The video also talks about the physical and health impacts of meth use: liver damage, acne, rotting teeth, and the loss of skin elasticity, creating wrinkles that can age a person, making them seem years older than they are.

Stephens group took the same approach as the other videos produced in Biggs’ class — to inform, not preach — believing the former will be more effective in reaching troubled kids.

“We wanted to stress not so much stay away from drugs because they’re bad, but more of, ‘Here’s what it’s doing to you, both physically and psychologically,’” said senior Jay Erhard, who worked on the video for teens about marijuana, “

Erhard said something akin to the 1980s approach of “Just Say No” has a way of going in one ear and out the other with people his age.

When parents tell kids not to do something, he said, “The first instinct is to go off and do that thing.”

“So for that reason,” he added, “we didn’t want to be, ‘Don’t drink or don’t smoke or don’t do meth.’ But more of if you’re going to, here’s what you need to know so you can be safe” and hopefully “stay away from it” altogether.

With the videos now finished, Ochoa said he and other counselors from Aldea intend to use them during their meetings with students in Napa and American Canyon.
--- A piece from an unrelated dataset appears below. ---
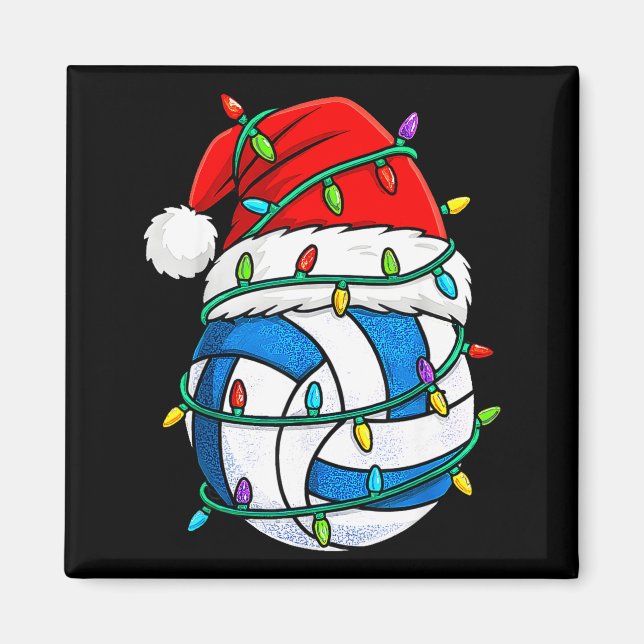 Christmas Volleyball Santa Hat Lights Srts Xmas Pa Magnet (Front)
“There’s a lot of teenagers using and not really understanding the effects of the different drugs,” said Ochoa.

Stephens said she enjoyed working on the videos because it gave her a chance to do something that could impact lives in the real world.

“We have other projects where you’re, ‘I did it. It’s done,’” she said. “But this is something where we got to take the information and create something directed towards a certain audience to help with a purpose we could get behind.”